LISTED RECORDS: Begin
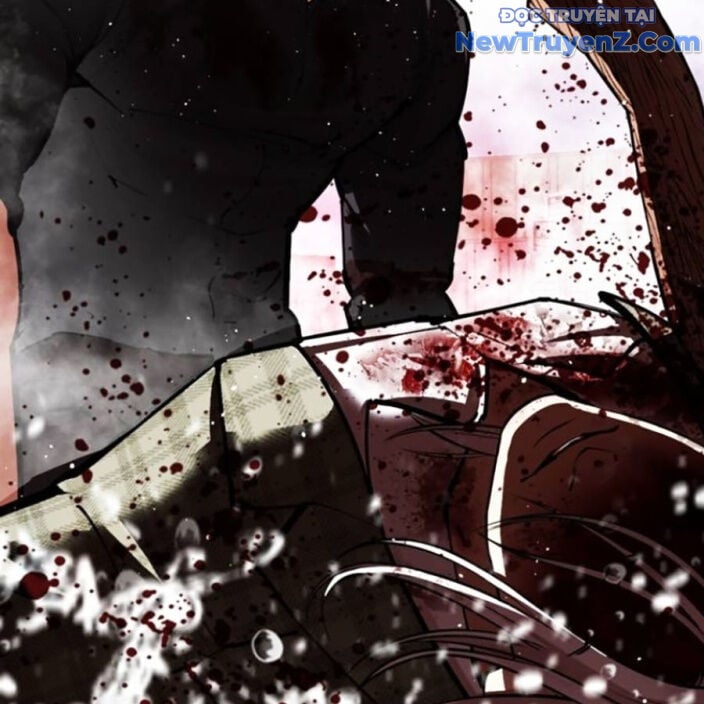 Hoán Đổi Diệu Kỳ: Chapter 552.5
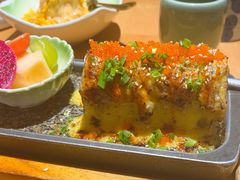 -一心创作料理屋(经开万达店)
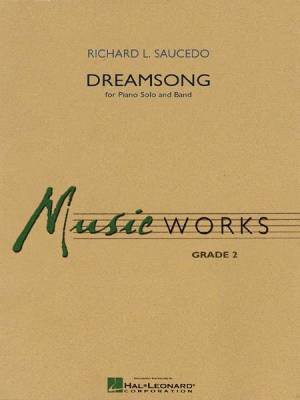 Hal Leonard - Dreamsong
LISTED RECORDS: End
LISTED RECORDS: Begin
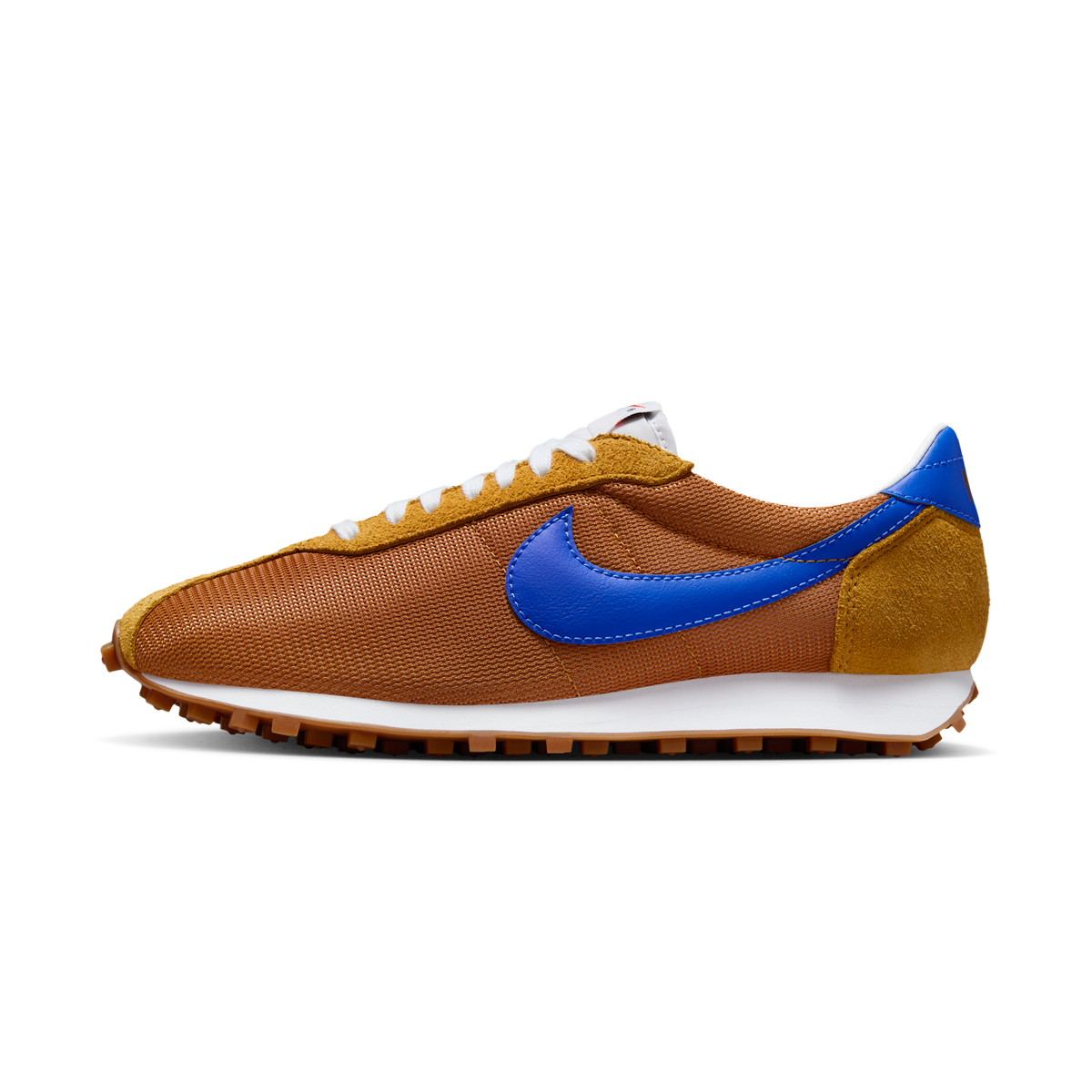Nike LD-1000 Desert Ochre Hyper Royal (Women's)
LISTED RECORDS: End
LISTED RECORDS: Begin
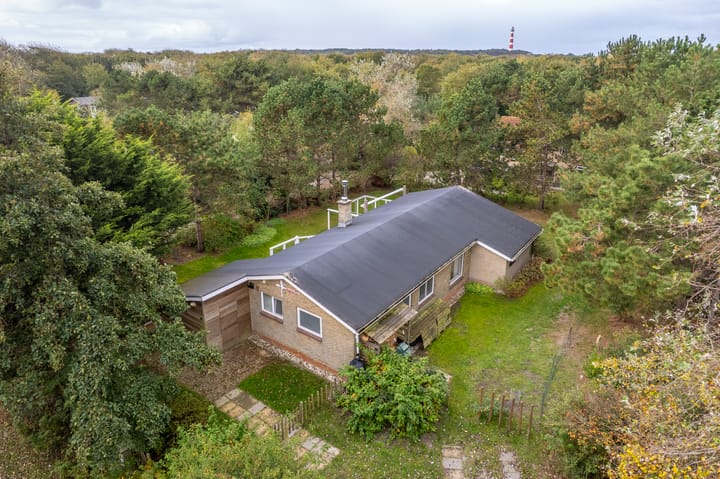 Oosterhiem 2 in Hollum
LISTED RECORDS: End
[REQUIRED ACTION]:
Both the line above containing "Hoán Đổi Diệu Kỳ: Chapter 552.5" and the line containing "Hal Leonard - Dreamsong" belong in the copy, along with every line between them; print these exactly and omit the pictures.

[ANSWER TO THE EXERCISE]:
 Hoán Đổi Diệu Kỳ: Chapter 552.5
 -一心创作料理屋(经开万达店)
 Hal Leonard - Dreamsong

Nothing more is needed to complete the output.